Logs shows me that key is mounted to the docker container
How are you mounting the credentials?
What version of ClearML-Agent
are you using?
REMOTE MACHINE:
- git ssh key is located at ~/.ssh/id_rsa
Is this also mounted into the docker itself?
EnviousPanda91
in your clearml.conf I think you are missing a sectionagent.git_user="" agent.git_pass="" agent.git_host="" agent.force_git_ssh_protocol: true
Hi CostlyOstrich36
How are you mounting the credentials?
Is this also mounted into the docker itself?

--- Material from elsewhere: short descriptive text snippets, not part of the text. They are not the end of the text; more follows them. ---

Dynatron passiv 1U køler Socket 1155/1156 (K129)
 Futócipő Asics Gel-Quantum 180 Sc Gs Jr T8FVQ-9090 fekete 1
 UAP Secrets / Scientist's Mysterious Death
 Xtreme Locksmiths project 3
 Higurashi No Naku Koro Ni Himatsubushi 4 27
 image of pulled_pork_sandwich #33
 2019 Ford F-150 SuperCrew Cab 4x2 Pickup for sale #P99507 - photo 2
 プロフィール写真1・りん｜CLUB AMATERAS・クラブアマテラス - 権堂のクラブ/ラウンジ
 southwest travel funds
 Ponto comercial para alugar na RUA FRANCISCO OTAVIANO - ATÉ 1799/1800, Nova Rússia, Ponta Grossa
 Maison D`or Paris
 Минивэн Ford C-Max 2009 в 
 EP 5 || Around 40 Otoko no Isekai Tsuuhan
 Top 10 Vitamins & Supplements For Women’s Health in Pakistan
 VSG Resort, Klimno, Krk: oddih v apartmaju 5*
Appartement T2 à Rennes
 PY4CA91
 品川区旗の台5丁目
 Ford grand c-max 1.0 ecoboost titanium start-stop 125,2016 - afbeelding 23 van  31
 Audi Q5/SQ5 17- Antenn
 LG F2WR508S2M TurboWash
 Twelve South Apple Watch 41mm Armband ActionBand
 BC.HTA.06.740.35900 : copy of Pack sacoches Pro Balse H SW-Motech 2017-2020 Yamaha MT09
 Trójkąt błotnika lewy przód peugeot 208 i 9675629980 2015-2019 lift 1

as I wrote above, it is mounted automatically:'-v', '/tmp/clearml_agent.ssh.kqzj9sky:/root/.ssh
What version of
ClearML-Agent
are you using?
1.3.0
AgitatedDove14 sorry, no, in fact my configuration looks like:
` ...
agent.git_user=""
agent.git_pass=""
agent.git_host=""
agent.package_manager.extra_index_url= [
]
agent {
worker_id: ""
worker_name: ""
force_git_ssh_protocol: true
... `
I’ve found the answer:
https://github.com/allegroai/clearml-agent/issues/42#issuecomment-887331420
when I restart the agent, it works fine, but on the second launch docker does not mount the ssh keys folder:'-v', '/tmp/clearml_agent.ssh.rbw8o0t7:/root/.ssh',
I don’t understand why. AgitatedDove14 JitteryCoyote63 could you explain the logic behind that? CLEARML_AGENT_DISABLE_SSH_MOUNT variable is not set.
So it fails with this log message:
` ...
Using cached repository in "/root/.clearml/vcs-cache/<MY_REPO>.git.893c8c47c9813c27eb1fe8d0aeb77a11/<MY_REPO>.git"
fatal: Could not read from remote repository.
Please make sure you have the correct access rights
and the repository exists.
error: Could not fetch origin
Repository cloning failed: Command '['git', 'fetch', '--all', '--recurse-submodules']' returned non-zero exit status 1.
clearml_agent: ERROR: Failed cloning repository.
- Make sure you pushed the requested commit:
(repository='git@github.com:<GIT_USER>/<MY_REPO>.git', branch='master', commit_id='46c86354e58e50a811e870c7b163ea5734499a67', tag='', docker_cmd='nvidia/cuda:10.2-cudnn7-runtime-ubuntu18.04', entry_point='test.py', working_dir='bench') - Check if remote-worker has valid credentials [see worker configuration file] `
EnviousPanda91 the host checks if you have a .ssh folder on the machine, if you do, it will copy+mount it into the container, then it will delete the copy when the container is down.
Specifically /tmp/clearml_agent.ssh.rbw8o0t7
is the copy of the .ssh that the agent created, and now it is mounting it into the container
AgitatedDove14
Specifically
/tmp/clearml_agent.ssh.rbw8o0t7
is the copy of the .ssh that the agent created, and now it is mounting it into the container
but why is it mounted only once? second and following containers do not mount the folder
but why is it mounted only once?
Are you saying the second time this line is missing? this is very strange...
Can you send the full Task log?
AgitatedDove14
Are you saying the second time this line is missing?
Yes.
Can you send the full Task log?
I will send the log in direct messages.
EnviousPanda91 Hi! Did you manage to solve the issue? I've encountered the same behavior when the agent can't create a temp copy of .ssh folder for the second and all the following tasks: Failed creating temporary copy of ~/.ssh for git credential
AgitatedDove14 Sorry for mention, but wanted to ask the same question. Did you get to the bottom of the issue above? When the .ssh folder could be copied only for the first task after the agent daemon has been started but not for the following ones (it complains about not being able to create a temp copy until I restart the agent)
HI BurlyRaccoon64
Yes, we did the latest clearml-agent solves the issue, please try:
'pip3 install -U --pre clearml-agent'
Thanks! That worked. If you don't mind could you point me in the direction where I can find the commit that resolved it?